Events

 

4pm, SGT

9 September 2020

Online Webinar

 

Speakers 

Lecture 1: Clinical and Haematological Aspects of Dengue 

 

  Professor Lucy Lum Chai SeeMBBS(UM)(1981), MRCP(UK)(1987),  Faculty of Medicine, University Malaya, Malaysia 

 

 

Lecture 2: Haematological Changes in Dengue Infection

 

  Dr Kono Mari, PhD, Director, Scientific Affairs, Sysmex Corporation, Japan 

 

 

Objectives of the Lectures

Dengue is a mosquito-borne viral disease, that potentially can result in severe complications and death. Infections are on the rise in 2020 in numerous Asian cities. Transmitted mainly by the Aedes aegypti, those infected may show symptoms, including high fever, severe headaches, muscle, and joint pains. Extreme cases can bring bleeding, breathing difficulties, organ failure, and potentially death. As patient conditions changes, there are significant shifts in haematological profiles from the routine blood test. In clinical research, there are significant correlations to the recovery phase. In this current webinar, we examine current clinical management guidelines and look at the patterns of change in haematological profiles. Our invited speakers are eminent clinician and scientist from Malaysia and Japan that has extensive experience on managing and researching Dengue infections. This highlights the critical need for better disease profiling that will aid clinical management using the routine blood test.  

 

Abstracts of Talk

Lecture 1 

Dengue is one of the most important mosquito-borne diseases to affect humans worldwide, and of a major public health concern in the tropical and subtropical regions of the world. It continues to impose a major burden in healthcare systems. Dengue is a systemic and dynamic disease with symptoms ranging from undifferentiated fever to dengue shock syndrome. The vast majority of symptomatic dengue manifest in an uncomplicated disease course with severe dengue occurring in a small proportion of infections.  The clinical course of dengue is closely related to the viraemic phase in the first 3 to 5 days of illness, followed by the hosts’ immune response phase.  Concurrent with this pattern is the dynamic changes in hematological trends in peripheral blood. The phase of increased plasma leakage, one of the determinants of severity of disease during the immune phase of disease is preceded by a decrease in white cell counts and platelet counts.  A recovery of white cell counts from leucopenia occurs just before the end of the critical phase.  The period of thrombocytopenia lasts beyond the critical phase into the re-absorption phase of dengue.  Clinicians observe for these hematological trends to navigate their patients through the dynamic phases of dengue and to administer appropriate supportive therapy. In this lecture we will introduce the various phases of the clinical course of dengue together with the hematological changes in the peripheral blood. 

 

Lecture 2 

Sysmex haematology analyser provide not only CBC but also the optical information from scattergrams as research parameters.
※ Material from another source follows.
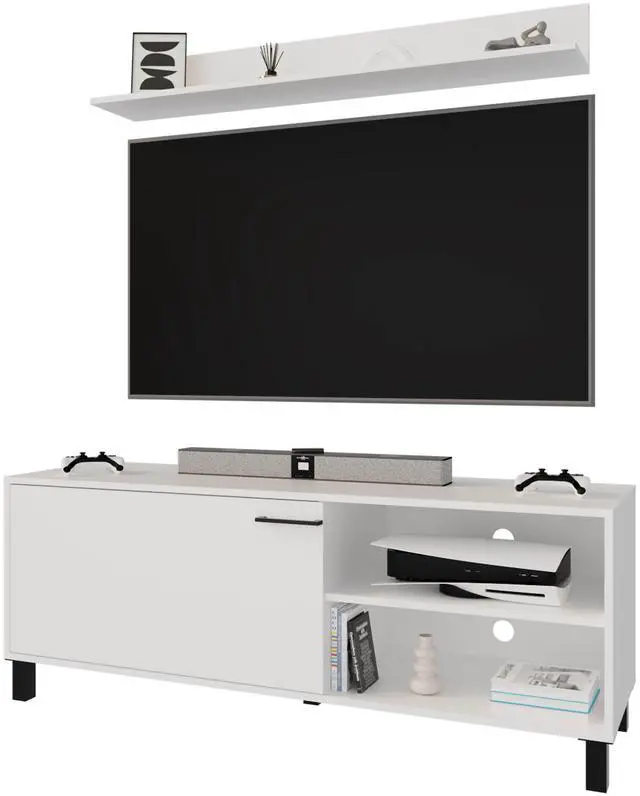 Alt view image 4 of 7 - FM FURNITURE Bitter Springs Tv Stand 65" in melamine with Open Storage,pneumatic arms and 1 Door, White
In this session, we will introduce some research parameters which are useful to grasp dengue pathology. Thrombocytopenia, one of the features of dengue, reported to occur by the bone marrow suppression at the infectious phase and the consumption of disseminated intravascular coagulation. Immature platelet fraction (IPF), which can be measured by the Sysmex XN-Series (XN), is an indirect indicator of platelet formation in the bone marrow. We will introduce using 287 patients data, about the possibility of that IPF can be utilised as an early recovery indicator of the platelet in the dengue patient with thrombocytopenia and as an early prognostic indicator for severe dengue in the early stage of dengue infection. Leukocytes have been reported to change their morphology when they encounter pathogens and to change their optical characteristics, thereby changing their position on the scattergram in haematology analyser. We will also introduce about the time course of optical parameters in leukocyte scattergram in XN. 

We hope you have enjoyed the webinar and gained new insights!